═══ Entries supplied ═══

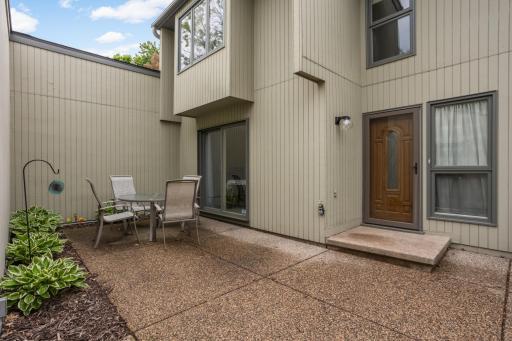 11140 Abbott Lane, Minnetonka, MN 55343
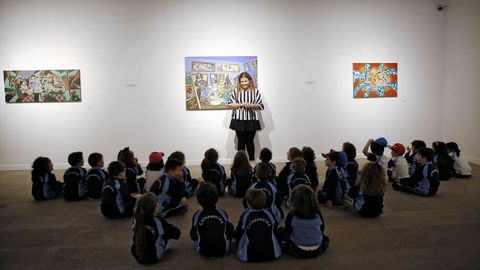 Un grupo de escolares, durante su visita al Museo Municipal de Ourense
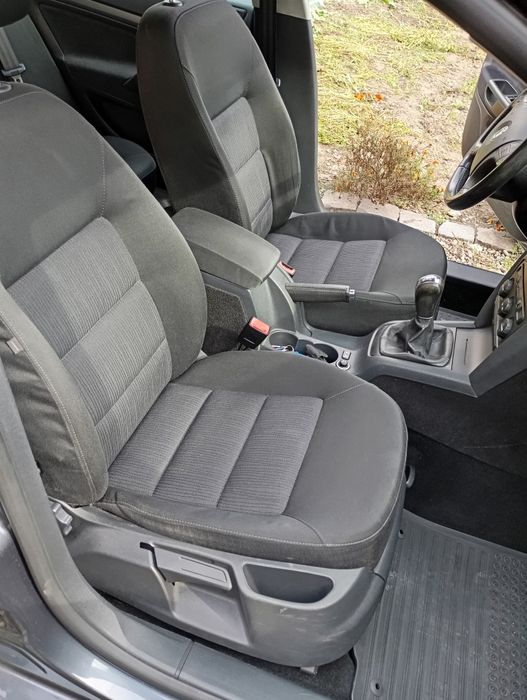 Skoda Octavia 2.0 BKD schimb cu mașină cu CV automată!! Ofer diferență substanțială după caz.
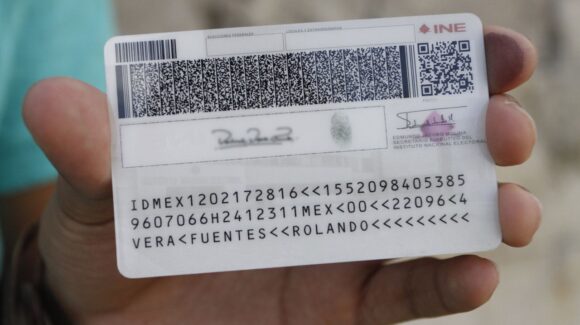 Nueva credencial del INE permitirá registrar identidad no binaria y pertenencia indígena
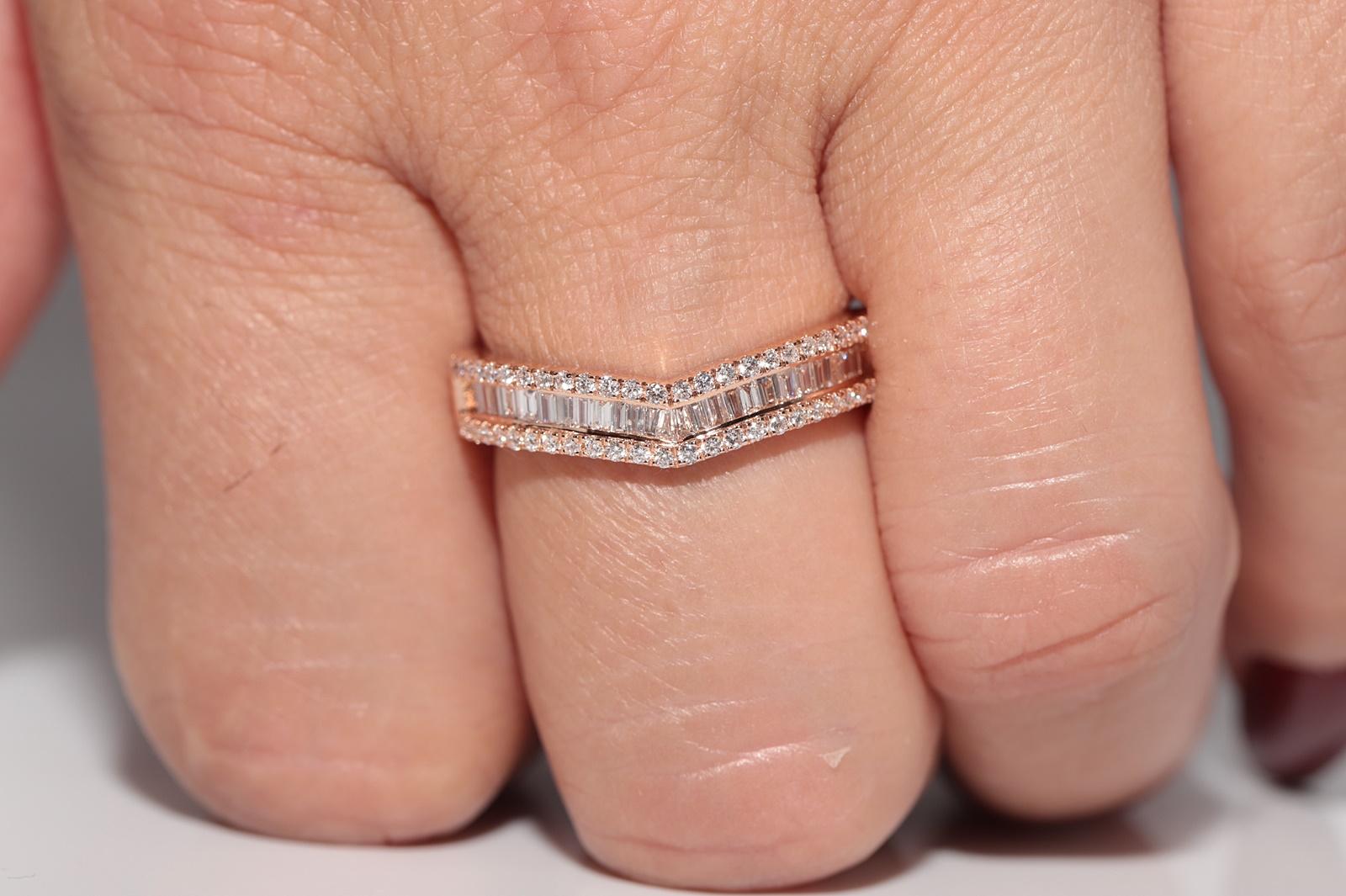 Vintage Circa 1990er Jahre 18k Gold Natürlicher Diamant Dekorierter Vintage-Ring (Baguetteschliff) im Angebot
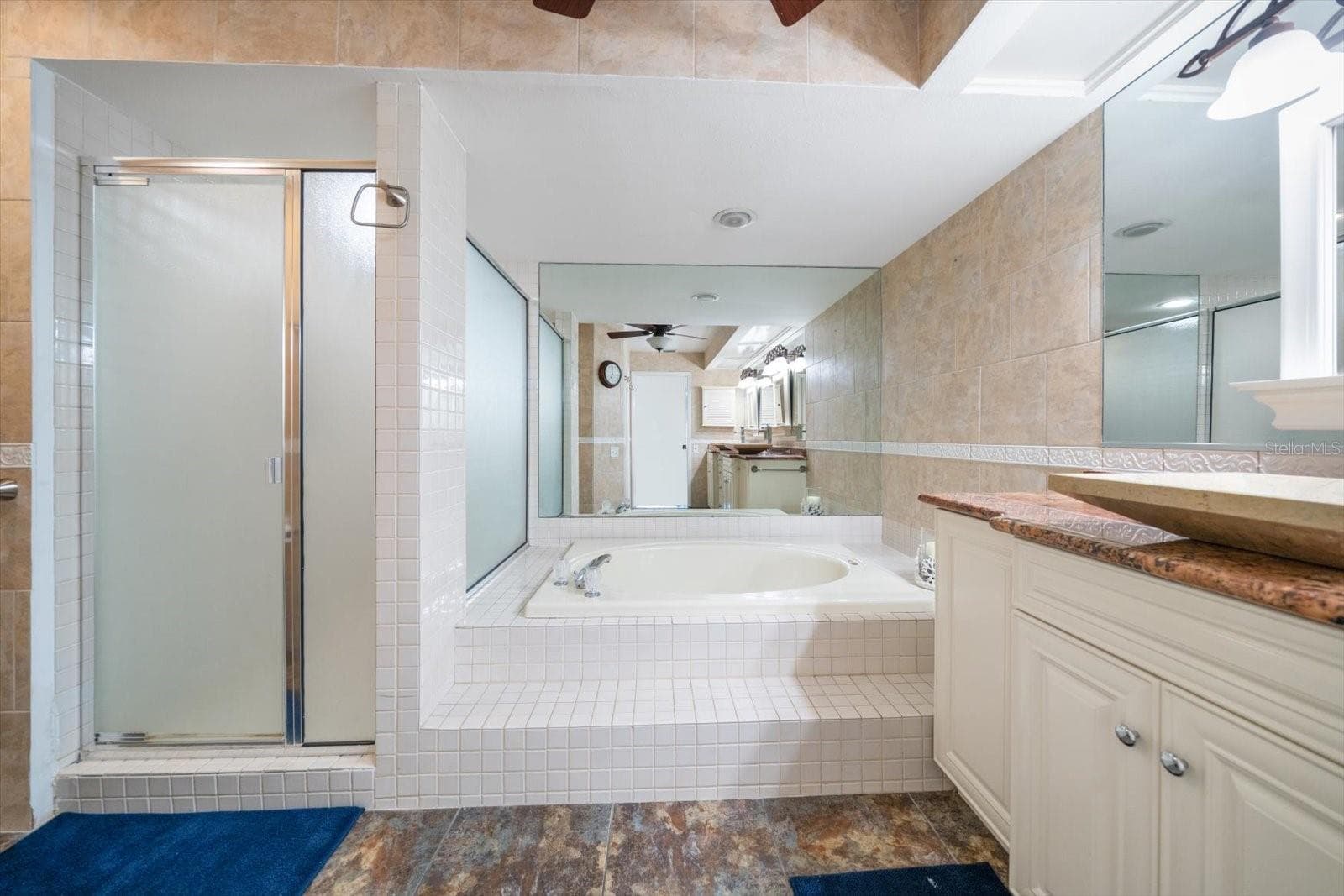 Primary Bathroom - 75 PELICAN PL, BELLEAIR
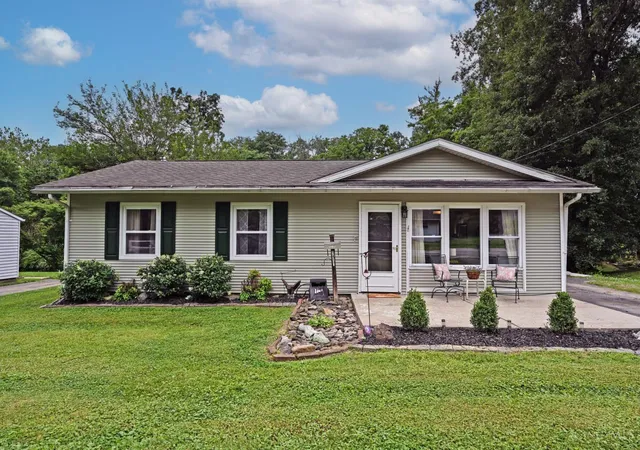 Homes for sale in Loveland, OH | 1411 Bellwood Dr, Loveland, OH 45140 | MLS# 1883717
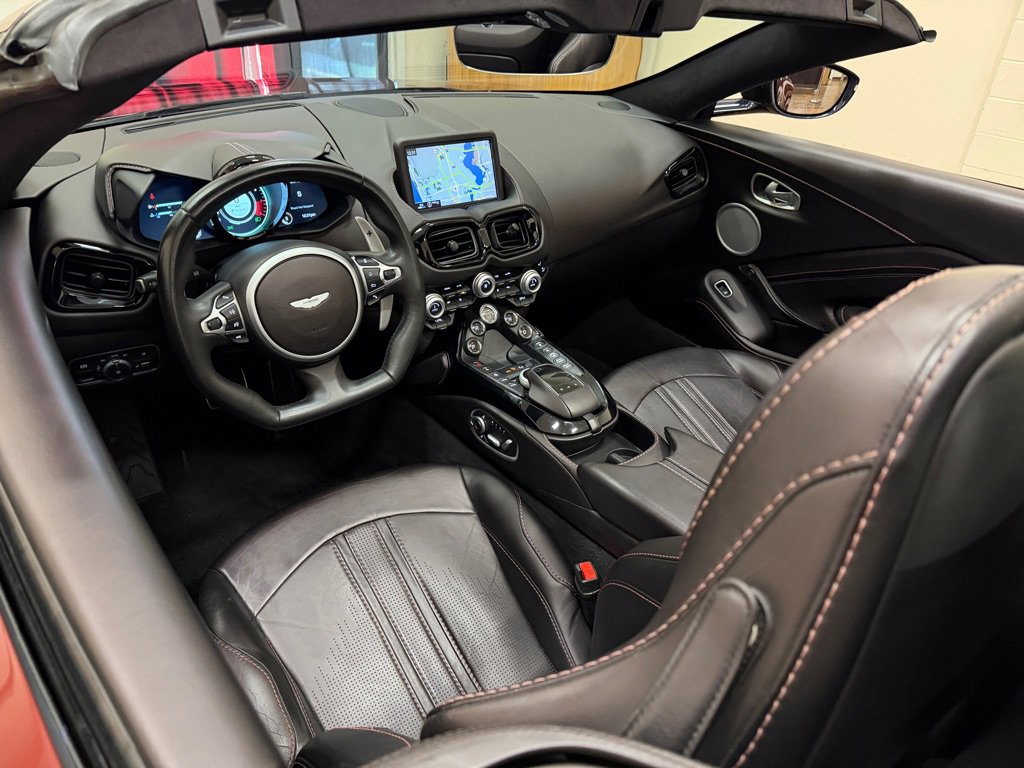Used 2021 Aston Martin V8 Vantage Roadster image 29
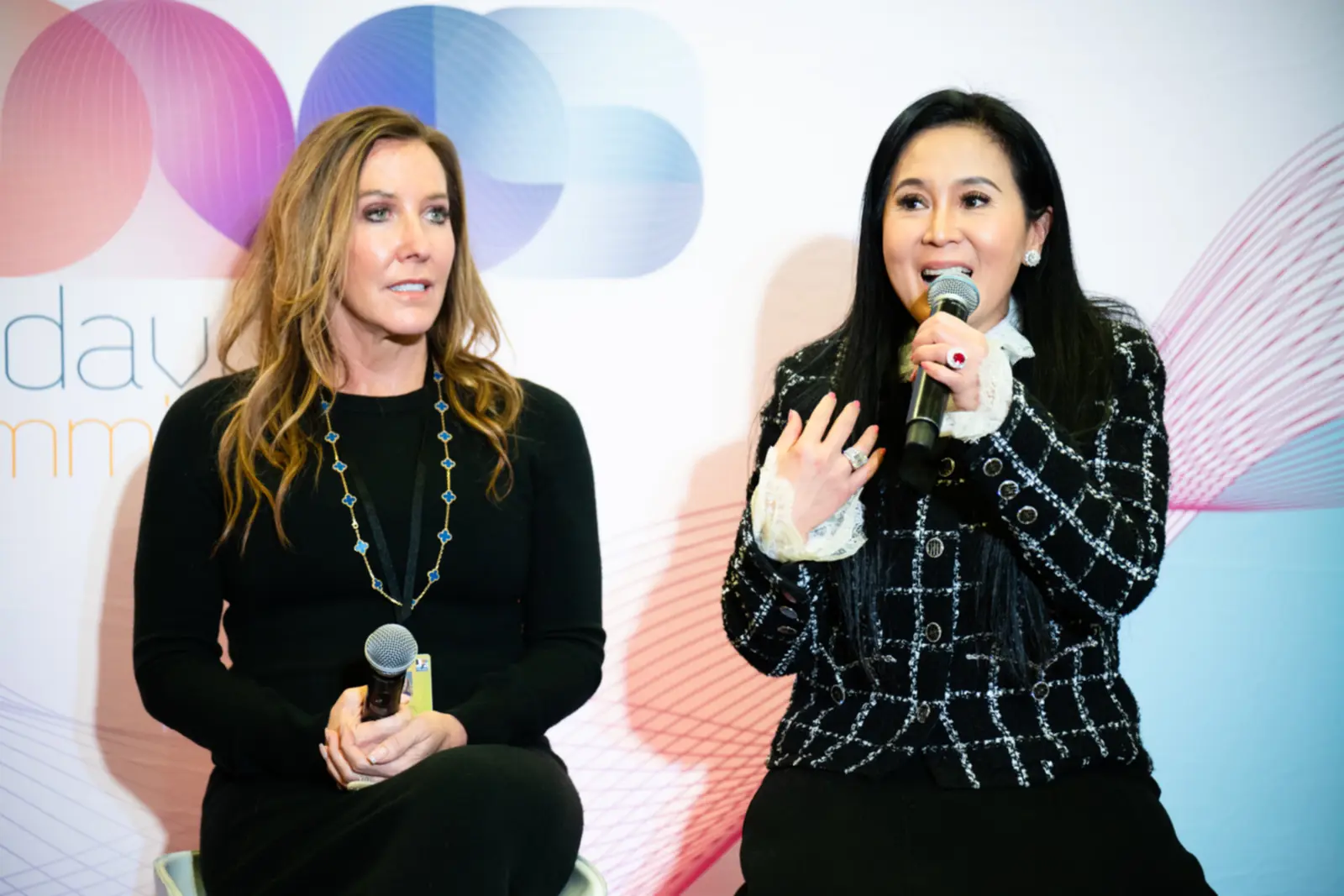 Jessica Chaijaya parlant au micro à côté d’une autre intervenante sur la scène du World Woman Davos Agenda
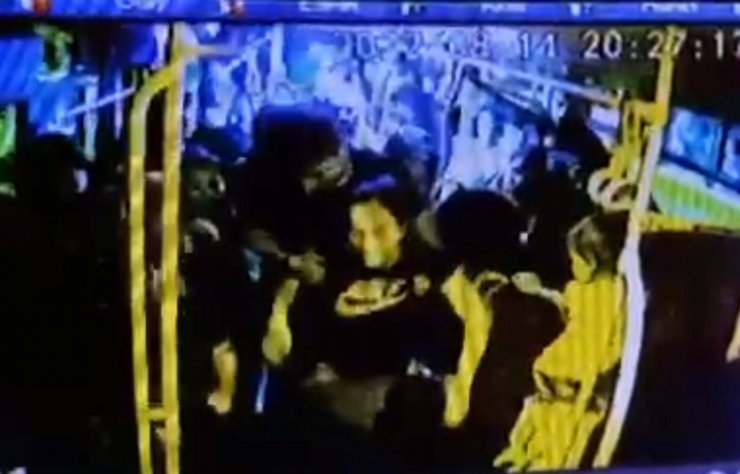 Otobüs şoförü, fenalaşan hamile yolcuyu sırtında hastaneye taşıdı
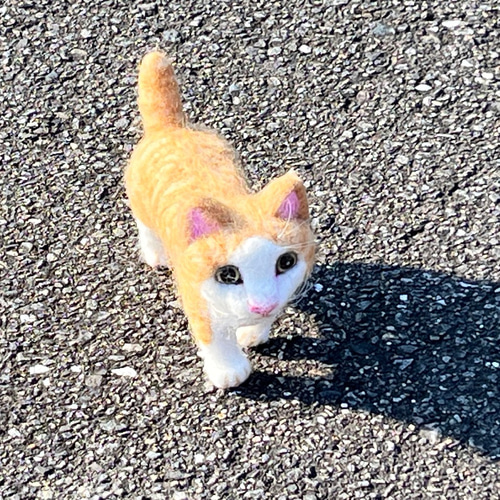 茶トラに白の猫(中)置物#1(羊毛フェルト) 羊毛フェルト 工房TAKA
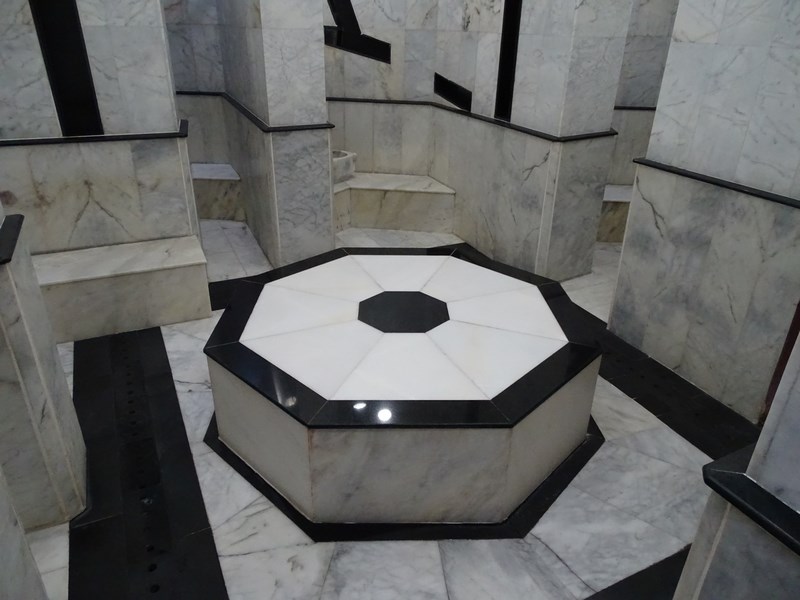 . Hamam Limak Limra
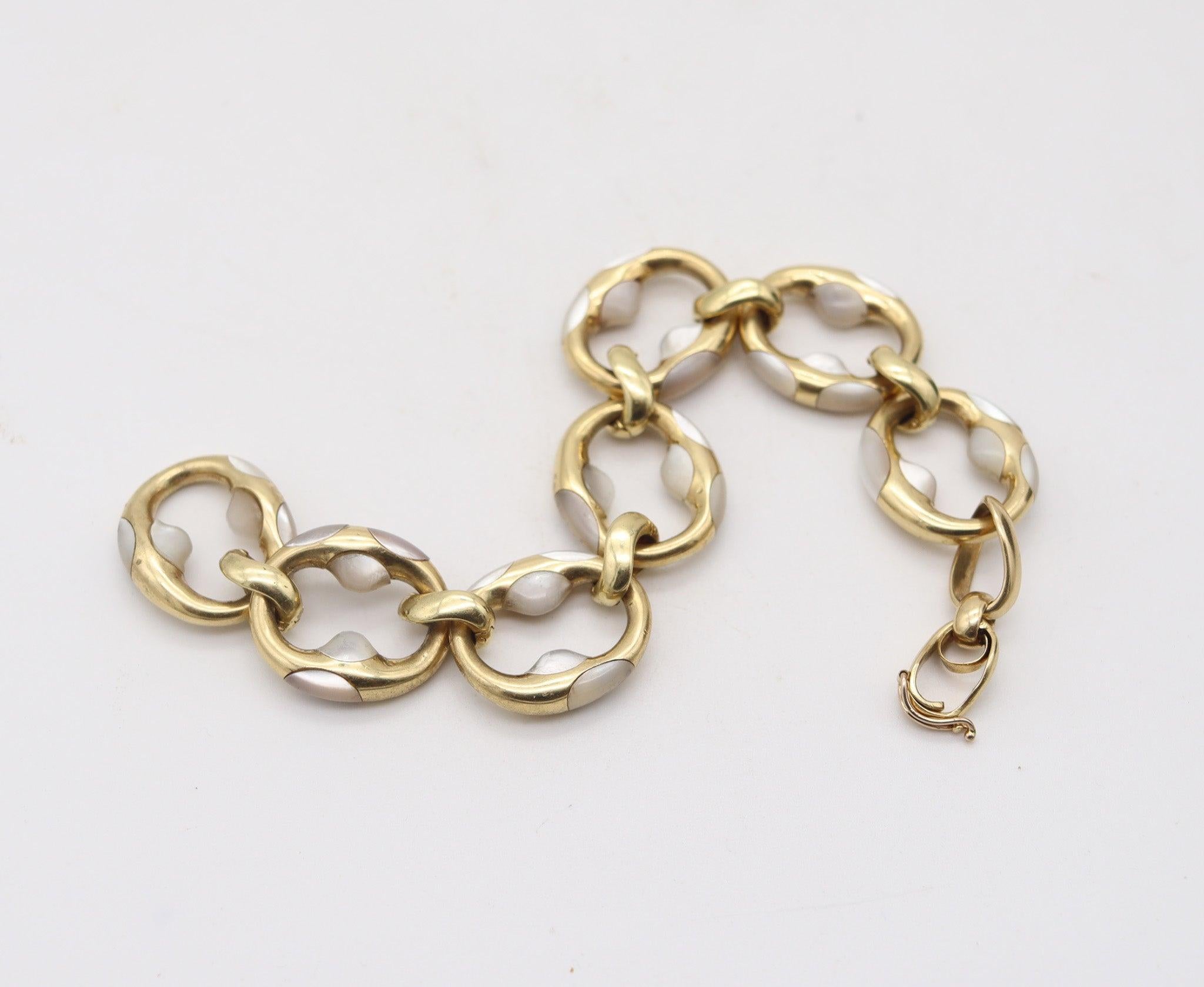 TIFFANY & CO. Angela Cummings Modernist Bracelet In 18Kt Gold With Carved Nacre For Sale 5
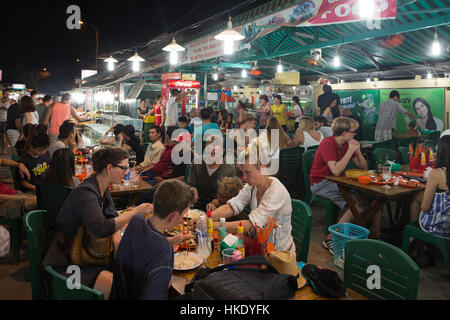 PHU QUOC, VIETNAM - 27. Januar 2016: Viele Gruppe von Touristen Essen vor allem frischen Fisch und Meeresfrüchte in Duong Dong Nachtmarkt in Phu Quoc Insel im Süden Vietnam Stockfoto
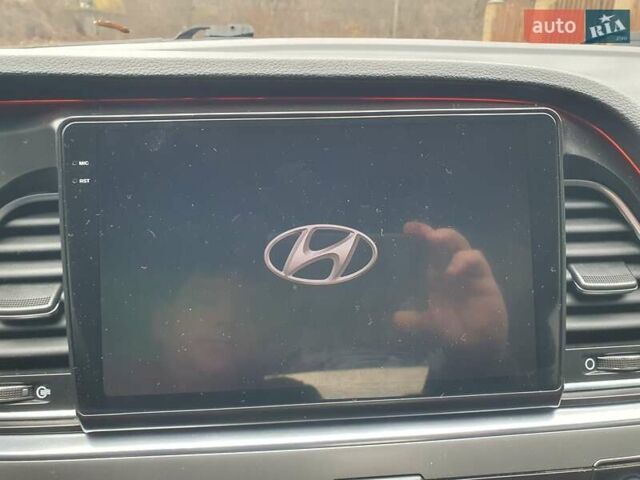 Белый Хендай Соната, объемом двигателя 2.36 л и пробегом 235 тыс. км за 11000 $, фото 20 на Automoto.ua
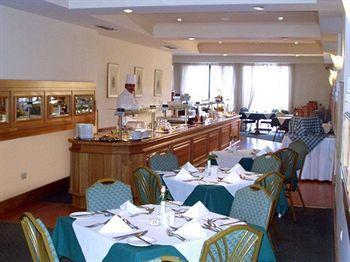 The Crown Hotel 부지바 외부 사진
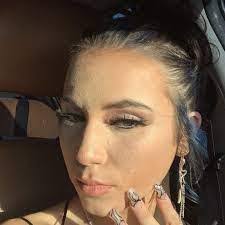 Katelyn Dahl's Instagram, Twitter & Facebook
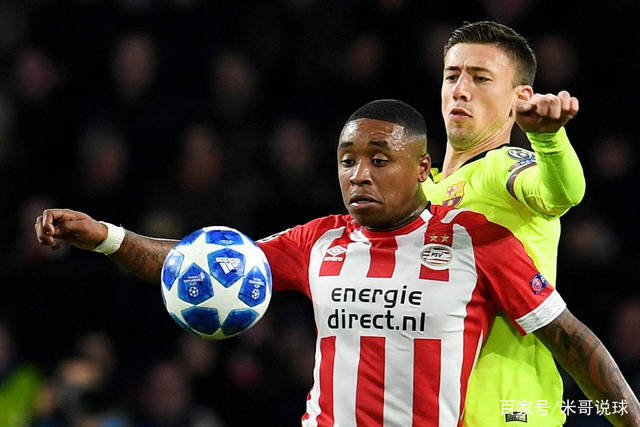 边后卫压上 边后卫压上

═══

### What the task requires
Leaving out the pictures, transcribe the material above exactly.

### Answer box
 11140 Abbott Lane, Minnetonka, MN 55343
 Un grupo de escolares, durante su visita al Museo Municipal de Ourense
 Skoda Octavia 2.0 BKD schimb cu mașină cu CV automată!! Ofer diferență substanțială după caz.
 Nueva credencial del INE permitirá registrar identidad no binaria y pertenencia indígena
 Vintage Circa 1990er Jahre 18k Gold Natürlicher Diamant Dekorierter Vintage-Ring (Baguetteschliff) im Angebot
 Primary Bathroom - 75 PELICAN PL, BELLEAIR
 Homes for sale in Loveland, OH | 1411 Bellwood Dr, Loveland, OH 45140 | MLS# 1883717
Used 2021 Aston Martin V8 Vantage Roadster image 29
 Jessica Chaijaya parlant au micro à côté d’une autre intervenante sur la scène du World Woman Davos Agenda
 Otobüs şoförü, fenalaşan hamile yolcuyu sırtında hastaneye taşıdı
 茶トラに白の猫(中)置物#1(羊毛フェルト) 羊毛フェルト 工房TAKA
 . Hamam Limak Limra
 TIFFANY & CO. Angela Cummings Modernist Bracelet In 18Kt Gold With Carved Nacre For Sale 5
 PHU QUOC, VIETNAM - 27. Januar 2016: Viele Gruppe von Touristen Essen vor allem frischen Fisch und Meeresfrüchte in Duong Dong Nachtmarkt in Phu Quoc Insel im Süden Vietnam Stockfoto
 Белый Хендай Соната, объемом двигателя 2.36 л и пробегом 235 тыс. км за 11000 $, фото 20 на Automoto.ua
 The Crown Hotel 부지바 외부 사진
 Katelyn Dahl's Instagram, Twitter & Facebook
 边后卫压上 边后卫压上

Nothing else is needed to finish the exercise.